Metadata-Version: 2.4
Name: rgapi
Version: 0.1.10
Classifier: Programming Language :: Rust
Classifier: Programming Language :: Python :: Implementation :: CPython
Requires-Dist: fastship>=0.0.12 ; extra == 'dev'
Requires-Dist: maturin>=1.0,<2.0 ; extra == 'dev'
Requires-Dist: pytest ; extra == 'dev'
Provides-Extra: dev
Summary: Python API for ripgrep-style file walking and searching
Home-Page: https://github.com/AnswerDotAI/rgapi
Author-email: Jeremy Howard <j@fast.ai>
License: MIT OR Apache-2.0
Requires-Python: >=3.10
Description-Content-Type: text/markdown; charset=UTF-8; variant=GFM
Project-URL: Homepage, https://github.com/AnswerDotAI/rgapi
Project-URL: Issues, https://github.com/AnswerDotAI/rgapi/issues
Project-URL: Repository, https://github.com/AnswerDotAI/rgapi

# rgapi

`rgapi` is a Python API for ripgrep-style walking and search. It is meant for Python code that wants `fd`-style file discovery or `rg`-style searching without shelling out.

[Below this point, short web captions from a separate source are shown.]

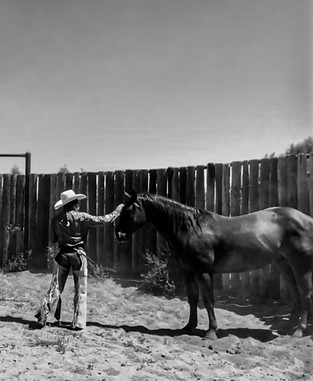 War Knot Wool maker Meghan Christianson working with a colt.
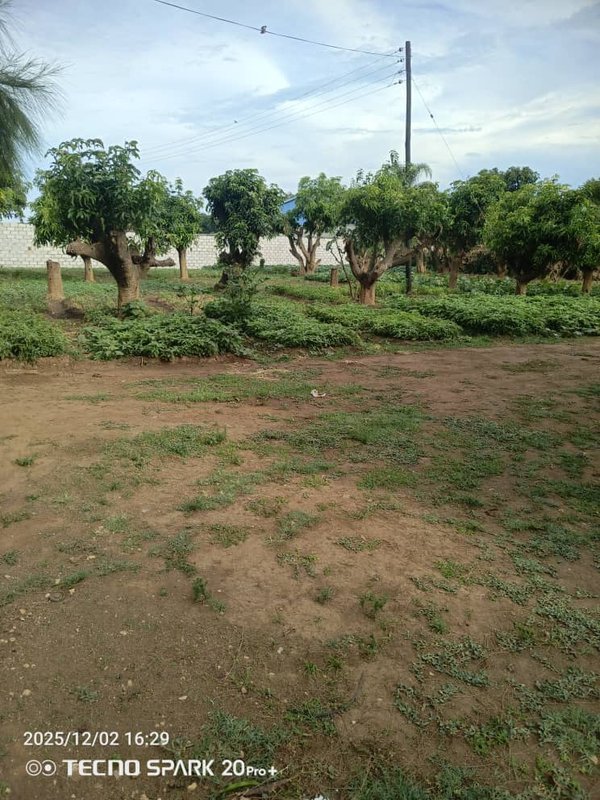 2.1 Acres Prime land for Sale in MAKENI near BAYUNI SCHOOLS.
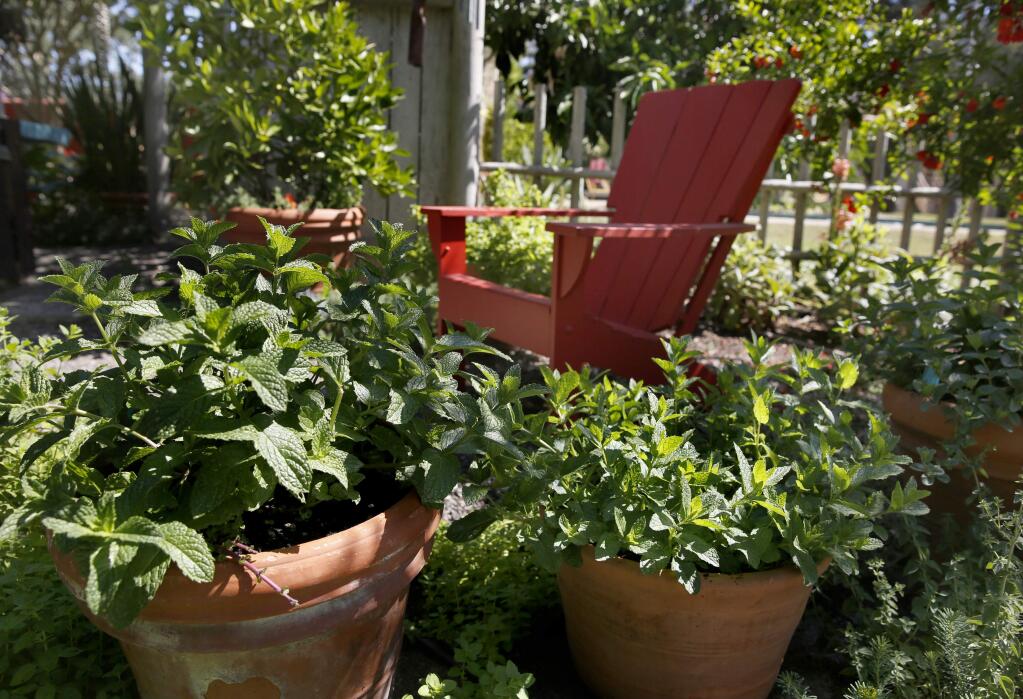 Pots of mint surround a chair sitting in the shade of a pomegranate tree in the garden of Helene Morneau of Exteriors Landscape Architecture on Wednesday, June 24, 2015 in Santa Rosa, California . (BETH SCHLANKER/ The Press Democrat)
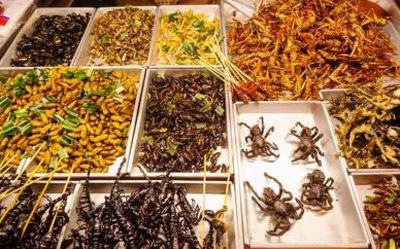 پول ندارید حشره بخورید! پول ندارید حشره بخورید!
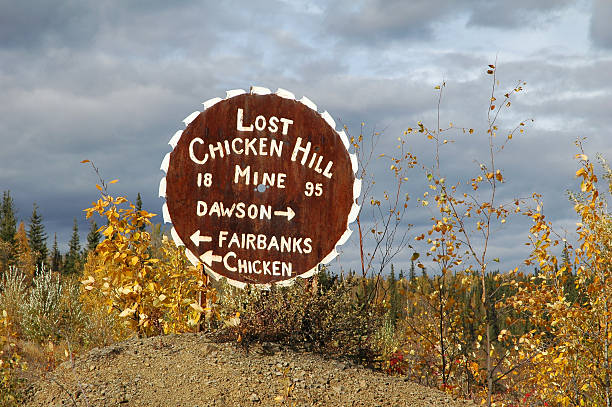 Signpost on Taylor Highway,Alaska,USA Signpost on the Taylor Highway,Alaska.The Lost Chicken Hill Mine was established in 1895 and this area is still being mined. alaska gold rush stock pictures, royalty-free photos & images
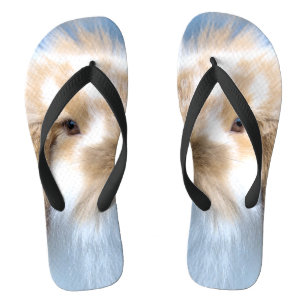 Tongs Joli lapin blanc et brun flamand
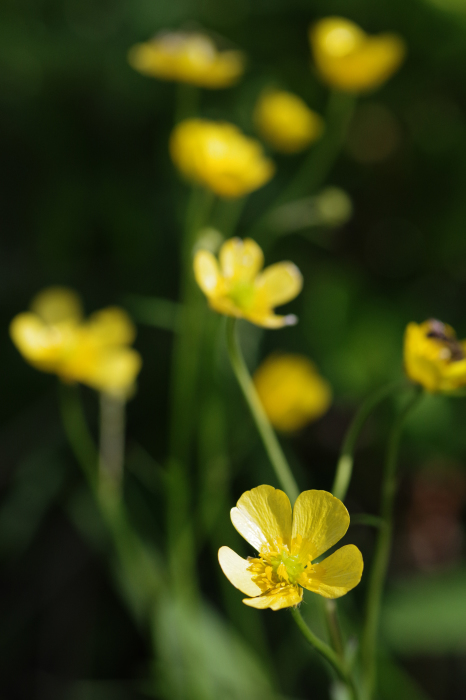 自粛解除でフィールドへ１（池の平）_b0144049_21492104.jpg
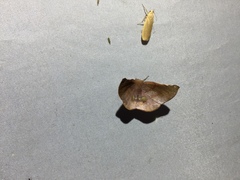 Garaeus apicata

It uses the same `ignore`, `grep-regex`, and `grep-searcher` crates that ripgrep uses for walking, regex matching, and file scanning. Walking and searching run in parallel by default. Most expensive work stays in Rust.

## Overview

For common file discovery and search:

```python
from rgapi import fd, rg, rg_iter

fd(".", ext="py", exclude="test_*.py")
for row in rg_iter("TODO", ".", include="*.py", context=2): print(row.asdict())
rg("TODO", ".", ext="py", skip_dir=".venv", paths=True)
```

For cell-aware search of Jupyter notebooks (see [Notebooks](#notebooks)):

```python
from rgapi import nbrg

nbrg("read_csv", ".", cell_context=1)
```

For direct access to the regex, search, and walk pieces:

```python
from rgapi import compile, search_path, search_text, walk

matcher = compile("TODO")
matcher.is_match("TODO")
matcher.finditer("TODO TODO")

walk(".")
search_text(matcher, "alpha\nTODO\nomega\n", path="memory.txt", context=1)
search_path(matcher, "src/lib.rs", display_path="src/lib.rs")
```

## Install

```bash
pip install rgapi
```

## Semantics

`fd` and `walk` return slash-separated paths relative to `root`. They use the `ignore` crate, so `.gitignore`, `.ignore`, and the usual ripgrep filters apply by default. `.rgignore` files are also honored and take precedence over `.gitignore`. Hidden files are skipped unless `hidden=True`. Pass `ignore=False` to disable all ignore filtering (including `.rgignore`). Symlinks are not followed unless `follow_links=True`; `same_file_system=True` avoids crossing filesystem boundaries. Traversal is parallel, and result order is not guaranteed; use `sorted(...)` if order matters.
`root` arguments accept `str` or `pathlib.Path` and expand `~`; `search_path` also accepts path-like file paths. Display labels such as `display_path` are stringified without expansion.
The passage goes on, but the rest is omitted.